Para a mulher o sexo começa num telefonema de manhã. É preciso se livrar dos preconceitos, do moralismo! Gostamos de sexo mesmo, então vamos fazer com que isso seja uma coisa prazerosa para as duas pessoas e não só para o outro. Faça por si mesma, não faça pelo outro. Fazer as vontades do outro na cama é sempre legal, mas fazer as nossas próprias vontades é mais legal ainda. E aí podemos passar para o outro o que gostamos e podemos aproveitar melhor. Já conversei com mulheres casadas há anos e que nunca experimentaram um orgasmo! E acho que é por pudor; pudor de si mesma, de se tocar, se conhecer. Sou a favor das relações humanas, as pessoas têm que se relacionar pois é assim que trocamos experiências, crescemos e amadurecemos. É uma forma de tentar se conhecer melhor para se relacionar, sexualmente falando, com o outro. Não apenas fazer o que o homem quer, mas fazer e falar o que gosta. E a gente só sabe o que gosta quando experimenta.
Qual o limite entre erotismo e pornografia?
O erotismo está ligado a uma coisa mais sensual, enquanto o pornográfico é mais escrachado. O erótico é mais sutil, mais bonito de se ver. A proposta aqui não passa nem perto da pornografia. É tudo muito sensual e erótico. E sutil. E na sutileza é que está a beleza. Não é preciso abrir o jogo totalmente para mostrar que é legal. A mulher conquista, usa uma coisinha aqui, um acessório ali… E por aí vai!
O que há de mais interessante ou curioso na Hilda Boutique?
Há vibradores como o famoso Rabbit, que tem um coelhinho na frente, com rotação; vibradores em forma de batom, de esponja de banho, de patinho… Tem calcinha que vibra, ou seja, um dispositivo que pode ser colocado na calcinha e que é acionado por controle remoto. Pode-se manipular onde estiver, numa reunião de trabalho, no trânsito (risos). Tem alguns kits também com capas penianas com vibrador, massageadorzinho… Outro acessório interessante é o que apelidamos de ‘Globeleza’, todo de lantejoulas. A mulher coloca nos seios e quando tira a roupa está usando só aquilo.
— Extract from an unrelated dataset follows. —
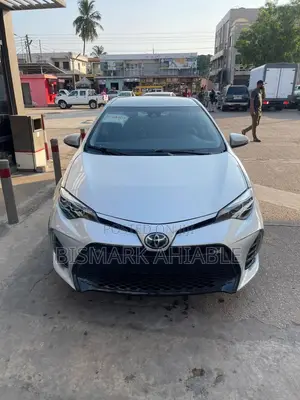 Toyota Corolla SE 4dr Sedan (1.8L 4cyl CVT) 2017 Silver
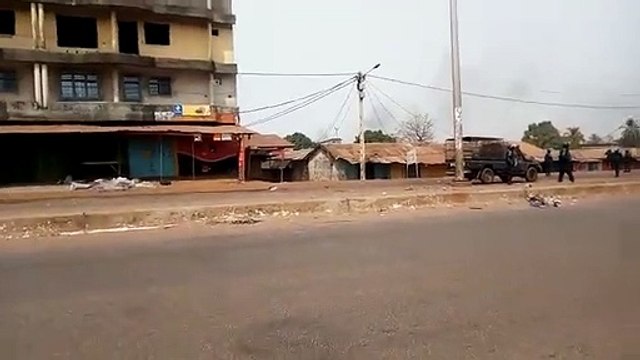 Tensions vives entre manifestants et forces de l'ordre à Wanindara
Criatividade é o que não falta!
A literatura erótica também tem espaço na butique. As pessoas aceitam bem este tipo de leitura?
Sim, principalmente as mulheres. Trouxe para a Hilda livros de fotografia, contos, histórias, poesias, e alguns manuais de prazer, como Kama Sutra, livros de massagem, como atingir o orgasmo… Falando por mim, não acredito muito neste tipo de manual porque é uma busca íntima e cada um tem a sua maneira, não precisa de um manual de instruções! Não somos uma máquina! Temos capacidade de pensar, de sentir, cada um reage a um estímulo. Mas trabalho com estes livros porque muitas mulheres gostam.
Como as pessoas têm reagido à Hilda?
A aceitação está sendo grande. O ambiente ficou gostoso, é tudo muito delicado, tem o café, os livros…Não tem nada agressivo visualmente. As mulheres têm gostado muito, mas poucas admitem que querem um vibrador ou compram um vibrador. Elas vêm, olham, compram um creminho para usar com o namorado… Mas o que diz respeito ao conhecimento mesmo, ao ‘vou explorar o meu corpo’ usando um vibrador ou um massageador é um pouco mais discreto. Algumas olham e falam que têm vergonha. Têm vergonha de si mesmas. É uma coisa muito íntima, mas ainda tem essa coisa de vergonha. Outras não! Pegam, dizem que usam e que gostam, mas a maior parte delas não assume. É preciso perder a vergonha de usar um vibrador e de freqüentar sex shop. Para o homem é tudo é mais fácil, mais prático. Para a mulher não, requer uma série de coisas. E para ela conseguir passar ele tem que se conhecer e para isso tem que se tocar.